= Virtual Row Blocks
Dataset methods where, order, and select all take blocks that are referred to as
virtual row blocks. Many other dataset methods pass the blocks
they are given into one of those three methods, so there are actually
many Sequel::Dataset methods that take virtual row blocks.
== Why Virtual Rows
Virtual Rows were created to work around the issue that some parts of
Sequel's standard DSL could not be used on ruby 1.9. For example, the
following Sequel code historically worked on ruby 1.8, but not ruby 1.9:
dataset.where(:a > :b[:c])
# WHERE a > b(c)
This code does not work on ruby 1.9 for two reasons.
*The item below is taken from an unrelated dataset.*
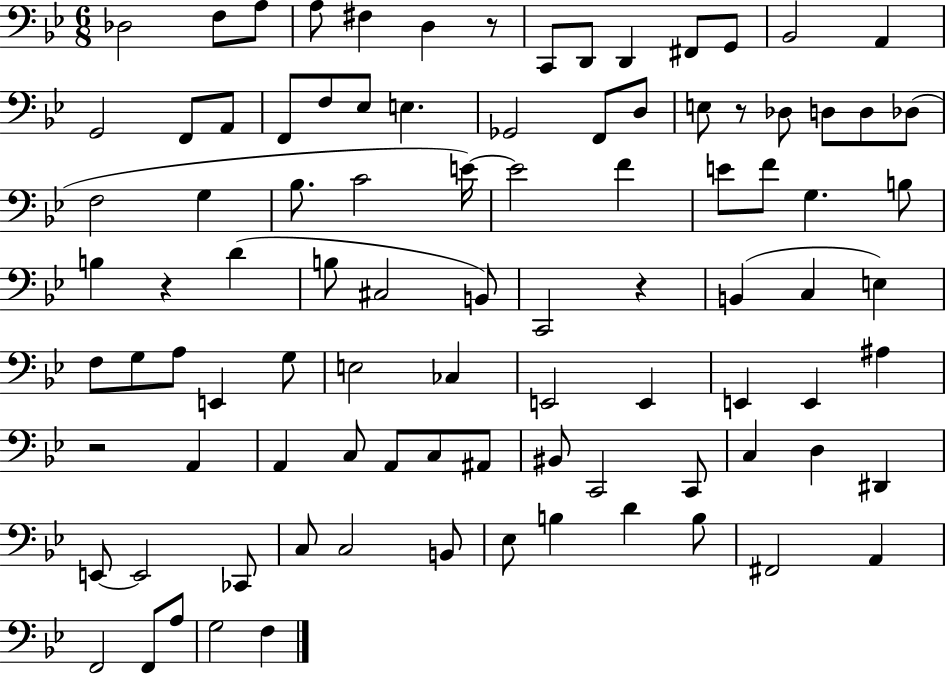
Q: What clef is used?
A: bass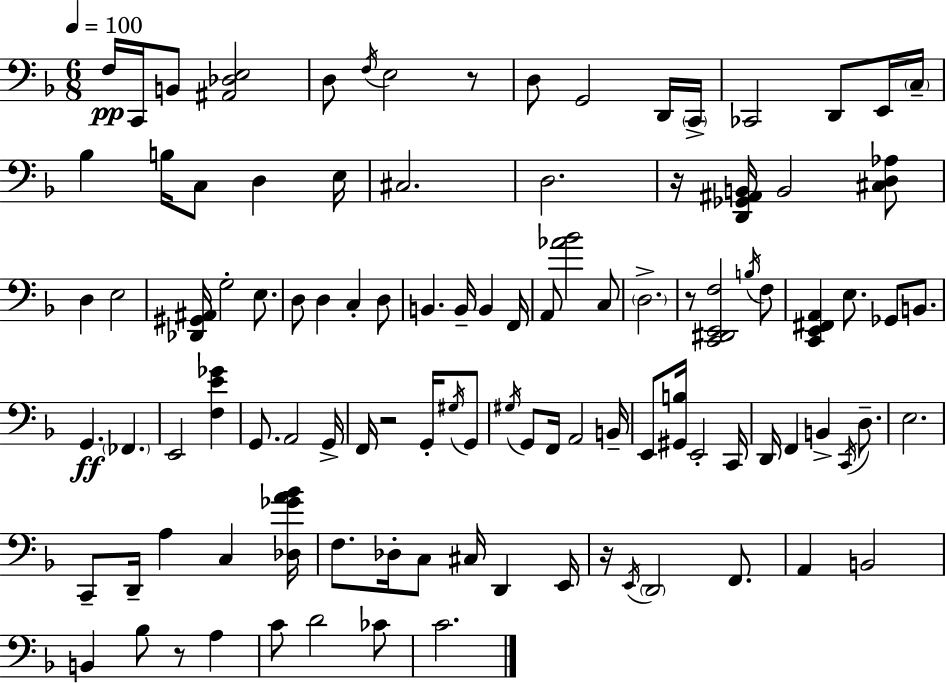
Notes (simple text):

F3/s C2/s B2/e [A#2,Db3,E3]/h D3/e F3/s E3/h R/e D3/e G2/h D2/s C2/s CES2/h D2/e E2/s C3/s Bb3/q B3/s C3/e D3/q E3/s C#3/h. D3/h. R/s [D2,Gb2,A#2,B2]/s B2/h [C#3,D3,Ab3]/e D3/q E3/h [Db2,G#2,A#2]/s G3/h E3/e. D3/e D3/q C3/q D3/e B2/q. B2/s B2/q F2/s A2/e [Ab4,Bb4]/h C3/e D3/h. R/e [C2,D#2,E2,F3]/h B3/s F3/e [C2,E2,F#2,A2]/q E3/e. Gb2/e B2/e. G2/q. FES2/q. E2/h [F3,E4,Gb4]/q G2/e. A2/h G2/s F2/s R/h G2/s G#3/s G2/e G#3/s G2/e F2/s A2/h B2/s E2/e [G#2,B3]/s E2/h C2/s D2/s F2/q B2/q C2/s D3/e. E3/h. C2/e D2/s A3/q C3/q [Db3,Gb4,A4,Bb4]/s F3/e. Db3/s C3/e C#3/s D2/q E2/s R/s E2/s D2/h F2/e. A2/q B2/h B2/q Bb3/e R/e A3/q C4/e D4/h CES4/e C4/h.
First, Symbol#>
(like other inequality methods) is already defined in ruby 1.9, so Sequel
does not override it to return an SQL inequality expression. Second, Symbol#[]
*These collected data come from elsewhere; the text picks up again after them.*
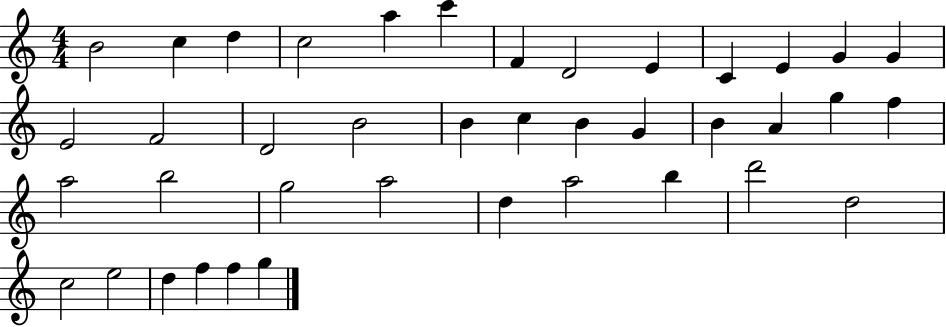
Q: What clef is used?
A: treble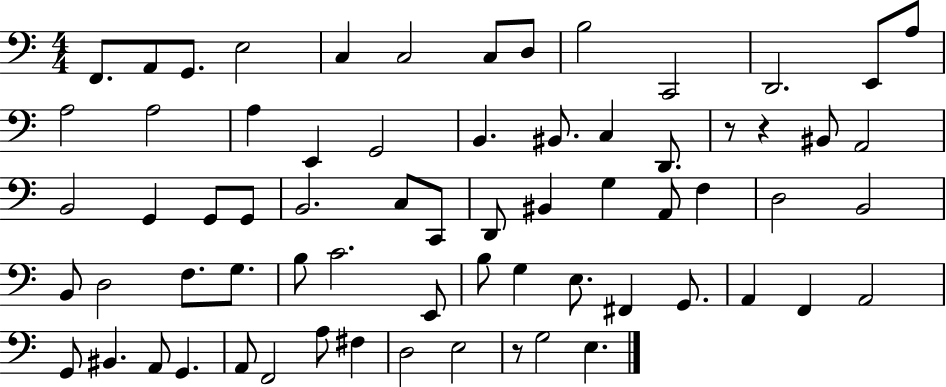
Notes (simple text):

F2/e. A2/e G2/e. E3/h C3/q C3/h C3/e D3/e B3/h C2/h D2/h. E2/e A3/e A3/h A3/h A3/q E2/q G2/h B2/q. BIS2/e. C3/q D2/e. R/e R/q BIS2/e A2/h B2/h G2/q G2/e G2/e B2/h. C3/e C2/e D2/e BIS2/q G3/q A2/e F3/q D3/h B2/h B2/e D3/h F3/e. G3/e. B3/e C4/h. E2/e B3/e G3/q E3/e. F#2/q G2/e. A2/q F2/q A2/h G2/e BIS2/q. A2/e G2/q. A2/e F2/h A3/e F#3/q D3/h E3/h R/e G3/h E3/q.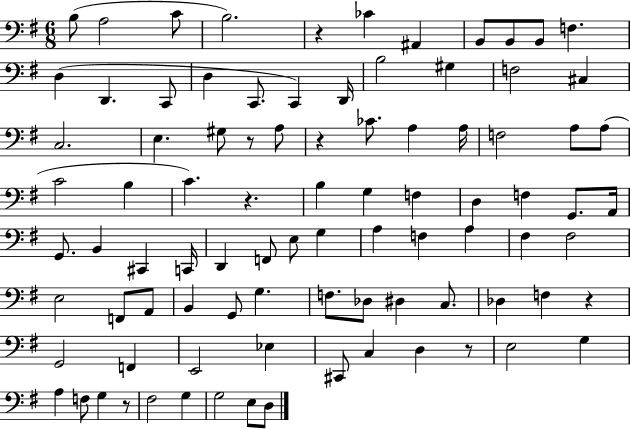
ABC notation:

X:1
T:Untitled
M:6/8
L:1/4
K:G
B,/2 A,2 C/2 B,2 z _C ^A,, B,,/2 B,,/2 B,,/2 F, D, D,, C,,/2 D, C,,/2 C,, D,,/4 B,2 ^G, F,2 ^C, C,2 E, ^G,/2 z/2 A,/2 z _C/2 A, A,/4 F,2 A,/2 A,/2 C2 B, C z B, G, F, D, F, G,,/2 A,,/4 G,,/2 B,, ^C,, C,,/4 D,, F,,/2 E,/2 G, A, F, A, ^F, ^F,2 E,2 F,,/2 A,,/2 B,, G,,/2 G, F,/2 _D,/2 ^D, C,/2 _D, F, z G,,2 F,, E,,2 _E, ^C,,/2 C, D, z/2 E,2 G, A, F,/2 G, z/2 ^F,2 G, G,2 E,/2 D,/2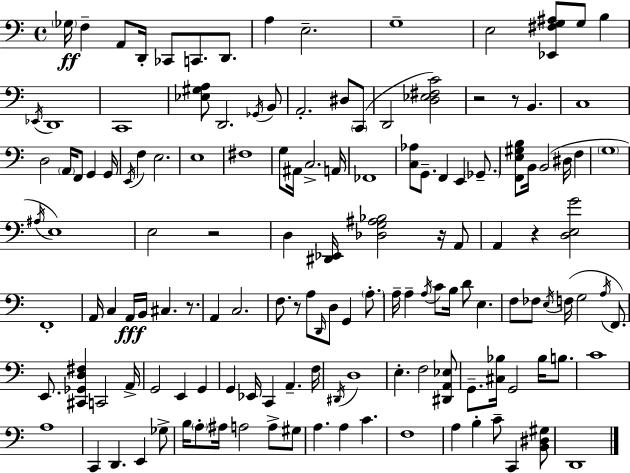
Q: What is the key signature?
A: A minor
is already defined on ruby 1.9, so Sequel does not override it to return an
SQL function expression.
It's possible to use Sequel's DSL to represent such expressions, but it is a
little verbose:
dataset.where(Sequel[:a] > Sequel.function(:b, :c))
# WHERE a > b(c)
The virtual row DSL makes such code more concise:
dataset.where{a > b(c)}
== Regular Procs vs Instance Evaled Procs
Virtual row blocks behave differently depending on whether the block accepts
an argument. If the block accepts an argument, it is called with an instance
of Sequel::SQL::VirtualRow. If it does not accept an argument, it is
evaluated in the context of an instance of Sequel::SQL::VirtualRow.
ds = DB[:items]
# Regular proc
ds.where{|o| o.column > 1}
# WHERE column > 1
# Instance-evaled proc
ds.where{column > 1}
# WHERE column > 1
If you aren't familiar with the difference between regular blocks and instance
evaled blocks, you should probably consult a general ruby reference, but briefly,
with regular procs, methods called without an explicit receiver inside the
proc call the method on the receiver in the surrounding scope, while instance
evaled procs call the method on the receiver of the instance_eval call. However,
in both cases, local variables available in the surrounding scope will be available
inside the proc. If that doesn't make sense, maybe this example will help:
def self.a
42
end
b = 32
# Regular proc
ds.where{|o| o.c > a - b}
# WHERE c > 10
# Instance-evaled proc
ds.where{c > a - b}
# WHERE c > (a - 32)
There are two related differences here. First is the usage of o.c vs +c+,
and second is the difference between the use of +a+. In the regular proc,
you couldn't call +c+ without an explicit receiver in the proc, unless the self of the
surrounding scope responded to it. For +a+, note how ruby calls the method on
the receiver of the surrounding scope in the regular proc, which returns an integer,
and does the subtraction before Sequel gets access to it. In the instance evaled
proc, calling +a+ without a receiver calls the a method on the VirtualRow instance.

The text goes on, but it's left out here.